Preserve logs that show authentication and access (IdP/IAM), endpoint activity (EDR/AV), network decisions (firewall/proxy/VPN/NAT), DNS resolution, email flow, and cloud audit/control-plane events. Also export relevant server/app/database logs for impacted assets. Capture raw exports, time sources, and evidence-handling metadata immediately to prevent rollover or tampering.

During a cyber incident, log preservation is one of the fastest ways to protect your ability to investigate, contain, recover, and meet legal/insurance obligations.

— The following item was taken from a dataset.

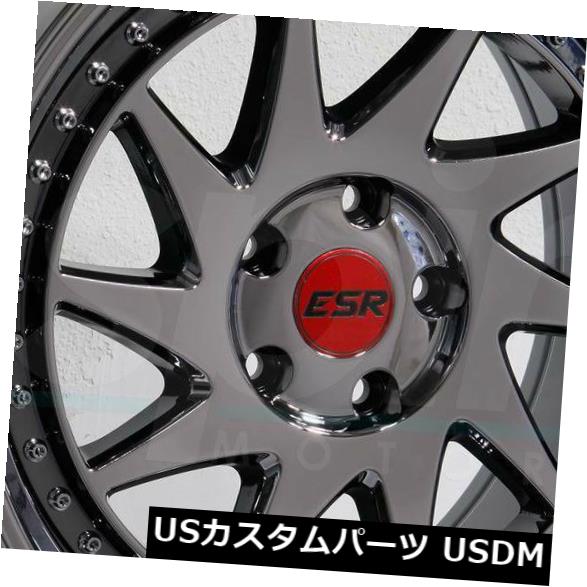 海外輸入ホイール 18x9.5 ESR SR09 SR9 5x114.3 22ブラッククロームホイールリムセット（4） 18x9.5 ESR SR09 SR9 5x114.3 22 Black Chrome Wheels Rims Set(4) 【並行輸入品】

This checklist focuses on the log sources that most reliably reconstruct who did what, when, and from where—and how to preserve them without destroying evidence.

TL;DR - Preserve identity/audit, endpoint (EDR), network (firewall/proxy/NAT/VPN), DNS, email, and cloud control‑plane logs—plus server/app/database logs tied to affected systems. - Export raw logs with timestamps and metadata, then lock them down with chain of custody (hashes, access control, immutable storage). - Act immediately: high-value sources roll over quickly, and attackers often try to clear traces.

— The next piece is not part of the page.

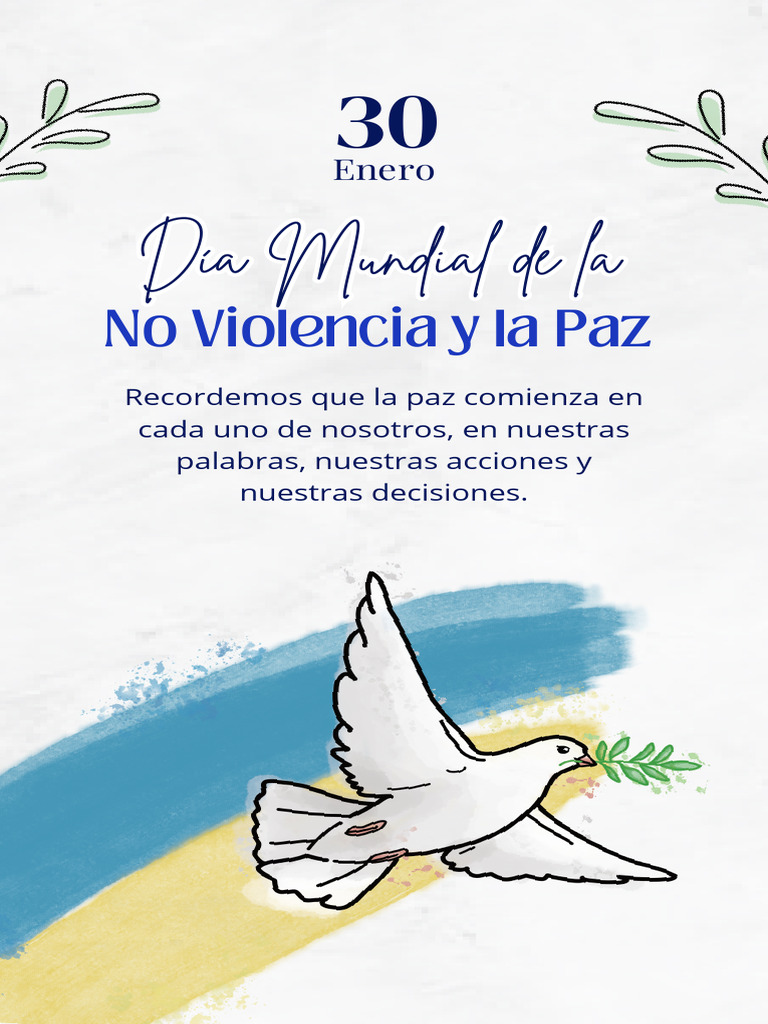 Historia de Instagram Día Mundial de La No Violencia y La Paz Ilustrado ...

Detailed Explanation: The Log Preservation Priority Order

The goal of log preservation is simple: reconstruct a defensible timeline that supports containment, eradication, and recovery—while keeping evidence usable for legal, compliance, or insurance follow-up.

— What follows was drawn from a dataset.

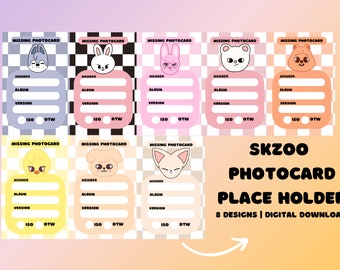 DIGITAL NEDLADDNING | SKZOO Fotokortsplatshållare/Pärmfyllnad | Kpop Collection Supplies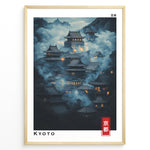 Ladda upp bild till gallerivisning, Japanske plakater | Moody night scene of traditional Japanese temples in Kyoto surrounded by mist, with glowing lanterns and a mountainous background. Labeled “Kyoto” in English and Japanese.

A strong set of preserved logs should answer:

  1. Who performed an action? (identity)
  2. What did they do? (endpoint/app activity)
  3. When did it happen? (accurate timestamps/time sync)
  4. From where did it originate and where did it go? (network/cloud context)

Below is a practitioner checklist, ordered by typical incident value and volatility.

1) Identity and Authentication Logs (Highest Priority)

If you can only preserve one category, preserve identity logs. Many modern intrusions rely on credential abuse, token theft, OAuth consent abuse, or privilege escalation.

Preserve - IdP sign-in logs (successful/failed), MFA challenges, risk flags, conditional access decisions - Directory services logs (AD domain controller Security logs, LDAP auth logs) - Privileged access events: role changes, group membership changes, new service accounts, password resets, API key creation - SSO/OAuth events: app registrations, consent grants, token issuance/refresh use (where available)

What to capture - Raw event exports (not just dashboards) - Actor identity, source IP/geo/device, user agent, MFA method/result, session ID/correlation IDs

How far back? - Export as far back as retention allows (often 30–180 days). - If you suspect long dwell time or data theft, aim for 6–12 months where possible.

2) Endpoint and EDR/AV Telemetry (Very High Value, Often Volatile)

Endpoints show the “what happened on the box” view: process execution, persistence, credential dumping attempts, lateral movement, and file activity.

Preserve - EDR detections and raw telemetry (process tree, command line, parent/child, hash, signer, network connections) - AV quarantine/remediation history - Endpoint security configuration snapshots (tamper protection status, exclusions)

Key Windows logs from impacted hosts - Security, System, Application - PowerShell logs (Operational) - Windows Defender/Operational (if used) - Task Scheduler and WMI activity logs (where enabled)

Linux/macOS - Auth logs (/var/log/auth.log or /var/log/secure), sudo logs - System logs (syslog, journalctl) - Shell history can help but treat as unreliable (often modified)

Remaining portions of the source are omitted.